The elements and topics that modern and contemporary dance explore are based so deeply inside a person’s body that if someone has never spent any time exploring their own body it is hard for them to recognize and/or appreciate this exploration in another person. Our bodies are so much deeper and more complex than we realize and as we investigate this through dance, yoga or any other embodied practice we begin to understand what this means.
What I appreciated about “Judge me. Hate me. Love me.” was that it questioned this divide we see between modern dancers and their audience and how can it be changed. In many ways it relates to what I was spoke about with the performance ‘closer’.
It is rare that an audience is fully encouraged to step into the performance—to question and explore alongside the performer. And although we could argue that the audience needs to take responsibility to participate, as artists it is also our responsibility to make sure our audience is actively engaged in dialogue with us and not just staring blindly, watching from the sideline.

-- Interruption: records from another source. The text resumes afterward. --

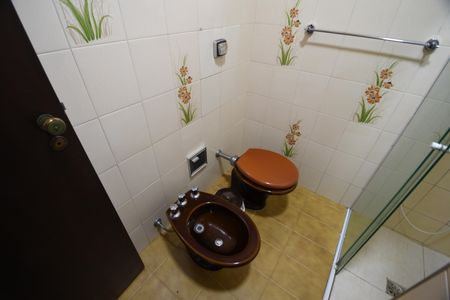 Casa à venda com 152m², 3 quartos e 3 vagasBanheiro 2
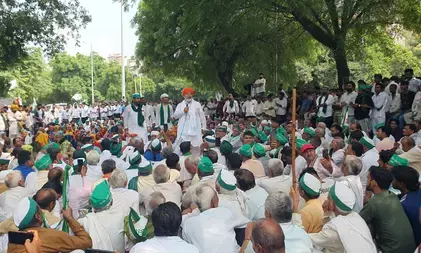 किसानों की मांगें पूरी होने तक जारी रहेगा धरना, राकेश टिकैत बोले-तीनों प्राधिकरणों के बाहर डटे रहेंगे किसान किसानों की मांगें पूरी होने तक जारी रहेगा धरना, राकेश टिकैत बोले-तीनों प्राधिकरणों के बाहर डटे रहेंगे किसान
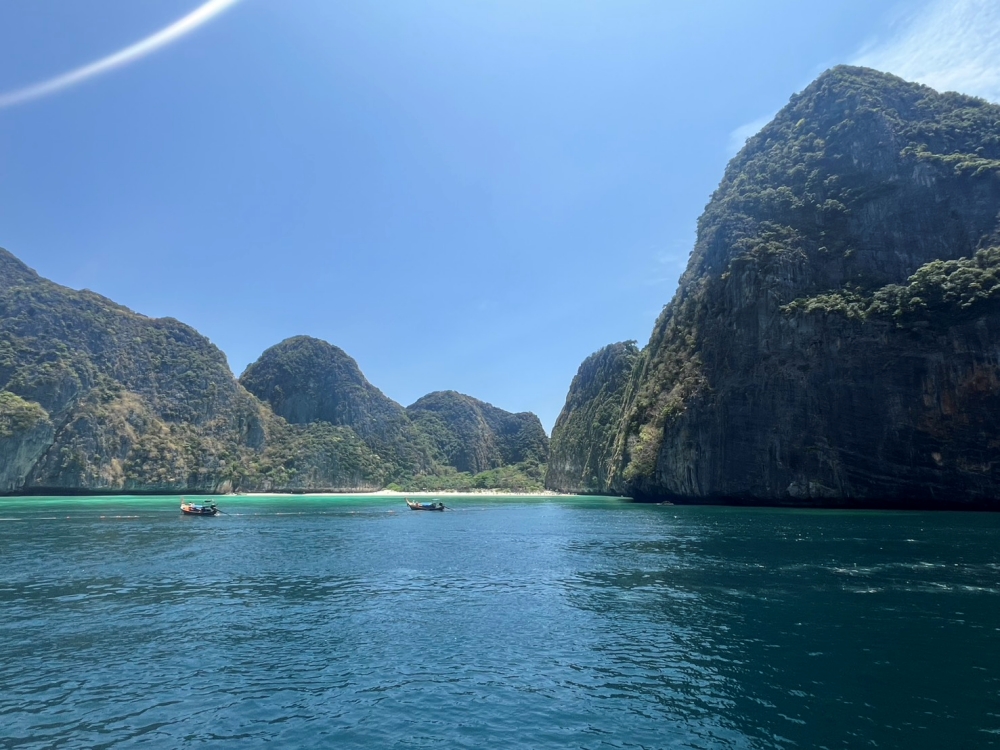 プーケットのピピ島でダイビング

As James Baldwin stated, “The role of the artist is exactly the same as the role of the lover. If I love you, I have to make you conscious of the things you don’t see.” As artists we need to help and encourage our spectators to not be afraid to enter into these more foreign, unknown topics, questions and ideas rather than expecting them to arrive there on their own.
“Judge me. Hate me. Love me.” was attempting to fulfill that duty by trying to figure out how they can encourage and help their audience better understand what they are doing and why. They approached the performance in a light-hearted way, acting as if they were scientists and we, the audience, were participants in their study. As a result, they broke down the performer-audience dichotomy by trying to change the perspective from a performer-audience interaction to an interaction that was simply happening between people.
Ananya's Dance Theatre: breaking down barriers and opening up room for change
The final performance I attend was Roktim: Nurture Incarnadine, and was not just a performance but also a workshop. It was put on by Ananya’s Dance Theatre (ADT) and just like the previous two performance, it asked the audience to take an active role in the performance.
Ananya's Dance Theatre puts this workshop on every year right before their big performance in September. I am personally a big fan of their work as it is based in the relationship between art and the world, focusing on how art can help us improve the world and the societies we live in. Their performance always explores a global issue or human-rights concern which they question and investigate as a group through different hands-on explorations. They then translate the knowledge they have gained into different choreographies and performances to share with the community.
Ananya Dance Theatre say they are “guided by Shawngram” (which in Bengali means resistance) and they are interested in creating dialogue with their community about the topics they are exploring by “conduct[ing] story sharing and movement circles, where the community is invited into the creative process”.
Their company and their work is a beautiful example of how art and performance can take an integral part in our societies and can be used as an active hand in improving our societal structures.
The workshop they hold every year is an opportunity to help talk through the performance and topics they are exploring with the audience and to help the community understand how they, as spectators, can become active participants.
I see their work to be a great example of what can emerge when the performer-audience dichotomy is broken down. In doing so the performers and the audience begin to understand each other and feel comfortable entering into each others conversations, the beginning to any strong movement or change.